Dependent types, refinement types, gradual types, rank-n polymorphism, etc, – we are moving in the right direction
Let’s dream a bit and try to imagine what can be improved about type systems. Ability to limit and check variables and function arguments at compile time multiplies development speeds by dozens of times, but modern type systems are STILL not expressive enough - you mostly can filter out only quite basic errors. Functional programmers excel at making the wrong state inexpressible in terms of the type system, but static type systems still can’t encode very complex logic and relations.
Well, they do, but it is absolutely unusable for casual coding, fast prototyping, and most industrial use cases.
In certain fields, such as game development, the amount of rules gets crazy, and most interactions of related game mechanics can’t even be covered with tests, not to mention types. But possibly this is only because type systems are too restrictive. They don’t allow embedding crazy expressions from the the value level. Yet.
Possible Improvements For Type Systems
- Types should be first-class objects. There should be convenient type lambdas
- Types should be allowed to contain value-level expressions (Refinement Types)
- Moreover, types could contain runtime values (Gradual Types)
- The same code should be usable both at compile time and execution time
- There should be runtime conditional expressions for type checks
- All definitions and type specifications should share context with the code they’re in
- Type intersection is a fundamental operation for composing types
- BONUS: Types, sets, and functions should be unified with T̷y̷p̴e̷ ̵Fi̵l̷t̸e̵r̸s̴
- BONUS: I̸n̵v̶e̵r̶s̶e̷ f̵un̸c̴t̵i̴o̷n̴s̸ ̵s̵h̵o̸u̸l̸d̶ ̶e̷a̴s̶e̶ work with ̷a̴l̷l t̵y̷p̵e̸ ̴s̴p̵e̴c̵i̸f̵i̴c̵a̵t̷i̸o̵n̴s (next post)
- BONUS: Type/value union is another fundamental operation for representing indeterminism
What in the name of satan is all of that? Possibly, I’ll explain everything in the next blog posts, but this time, let’s just review some examples.
Notation
I’ll use pseudocode in some semi-esoteric language for clarity. It’s very expressive, so if you want something more conventional, you can change to pseudo-C++ or pseudo-Haskell in every code example - see tabs above code blocks. But I suggest to glimpse through all three.
In this section, I’ll explain shortly how to read the ideas described in this post.
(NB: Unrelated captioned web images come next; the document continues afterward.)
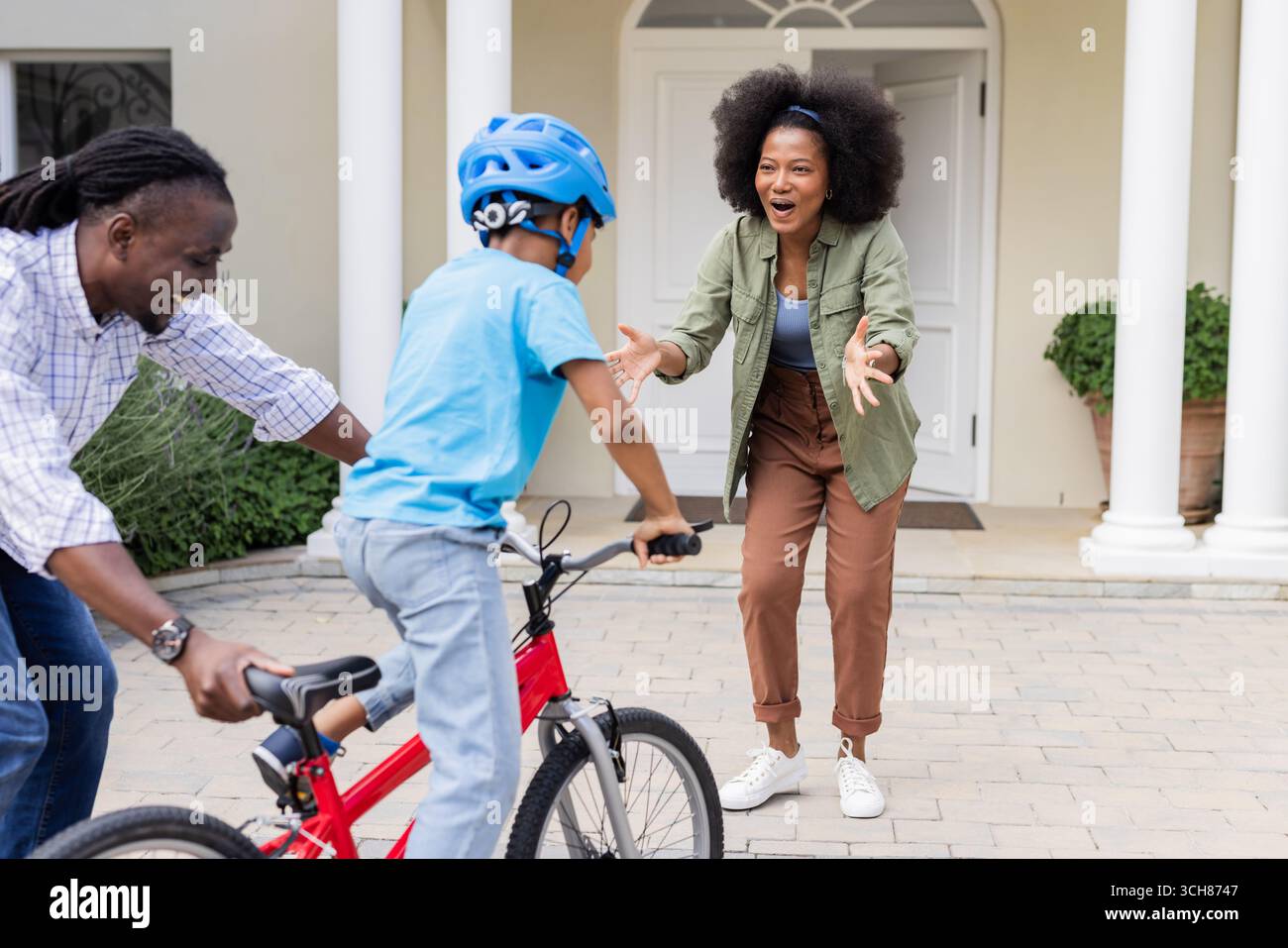 Genitori afroamericani che insegnano al figlio di andare in bicicletta, esultando con entusiasmo Foto Stock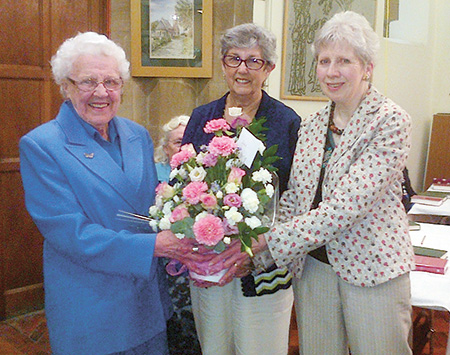 Miss Couper receives a bouquet of flowers on her 90th birthday from Pat Todd and Barbara Hall Gwen_Couper_Pat_Todd_and_Barbara_Hall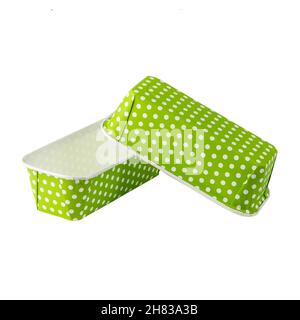Green paper baking forms for cakes with dotted pattern isolated over white background, muffin forms object photography Stock Photo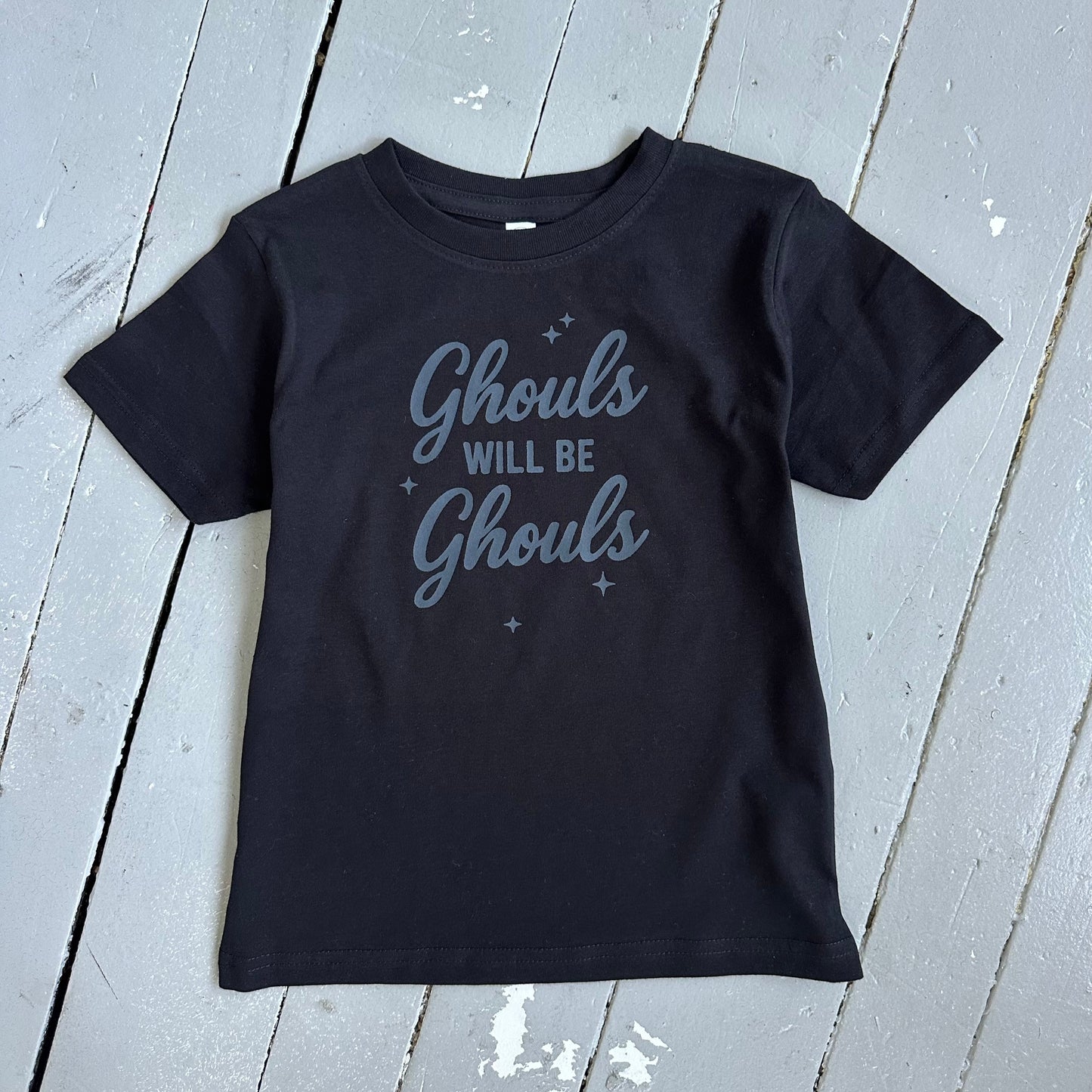 Black t-shirt with 'Ghouls Will Be Ghouls' text on a light wooden floor.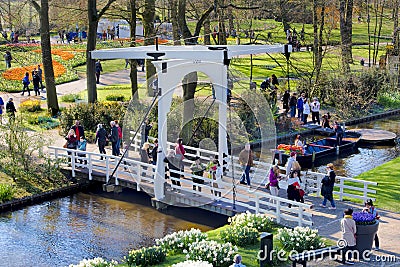 People walking on bridge over water canal in beautiful Keukenhof Garden, Holland Editorial Stock Photo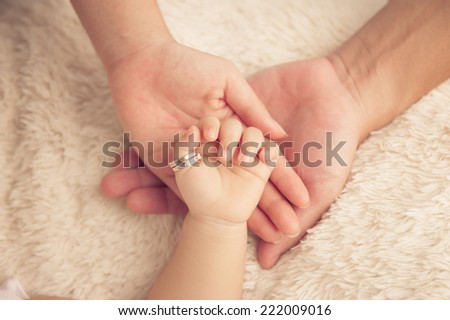 Baby hand. Closeup of baby hand into parents hands. Family concept with the wedding rings in baby finger.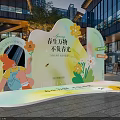 Spring Photo Check-in Spot With Cartoon Girl Arch Design Flower Decorations And Modern Buildings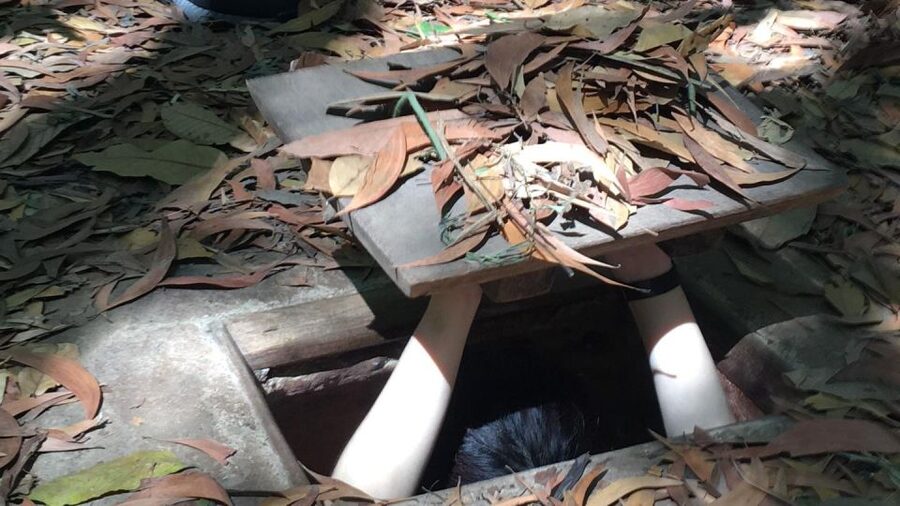 Ho Chi Minh City: Cu Chi Tunnels and Gun Shooting Experience - Entering the narrow tunnels
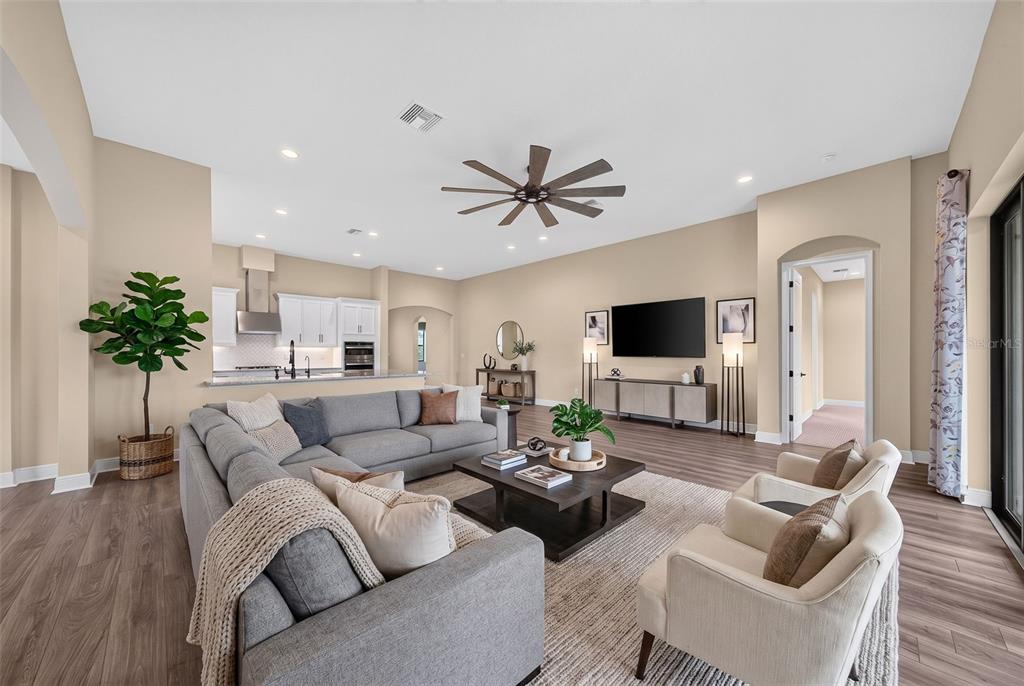 A spacious open-concept living room features a gray sectional, two armchairs, and a modern kitchen — 12627 WHEATGRASS COURT, PARRISH, FL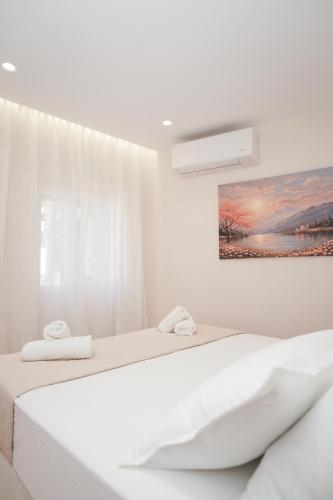 two beds in a white room with a picture on the wall at Pearl Port House in Ágios Rókkos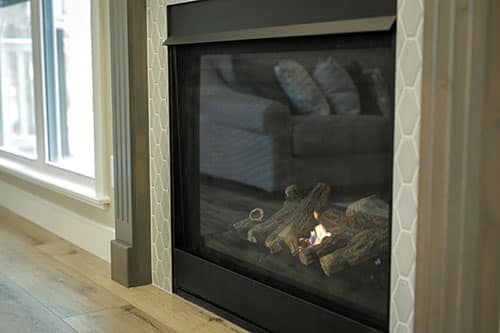 A propane fireplace burning by a window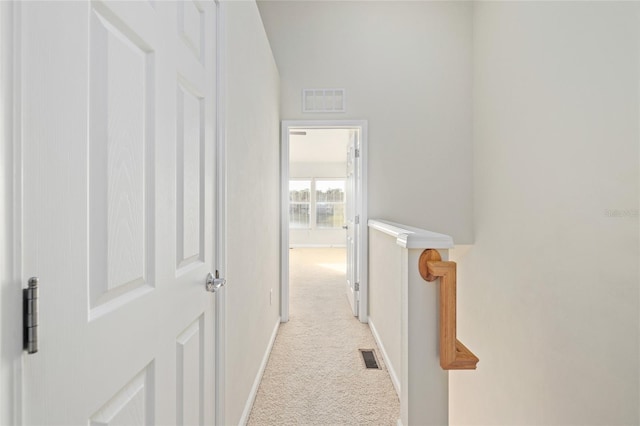 corridor with light colored carpet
Firstly, this is how type intersection is done. This would be a fundamental operation for composing types.
myVariable: MyType1
MyType2 & MyType3
MyIntersectionType = MyType1 & MyType2
MyType3
MyStruct = has myField: Integer
has myField2: String
// Values of type MyStruct are limited to those which have
// both `myField` and `myField2` fields
intersect<MyType1, MyType2> myVariable;
using MyStruct = intersect<struct { int x; },
struct { int y; }>
// Values of type MyStruct are limited to those which have
// both `myField` and `myField2` fields (struct { int x, y; })
type MyIntersectionType = MyType1 & MyType2
type MyStruct = { x :: Integer }
& { y :: Bool }
-- Values of type MyStruct are limited to those which have
-- both `myField` and `myField2` fields (MyStruct { x :: Integer, y :: Bool })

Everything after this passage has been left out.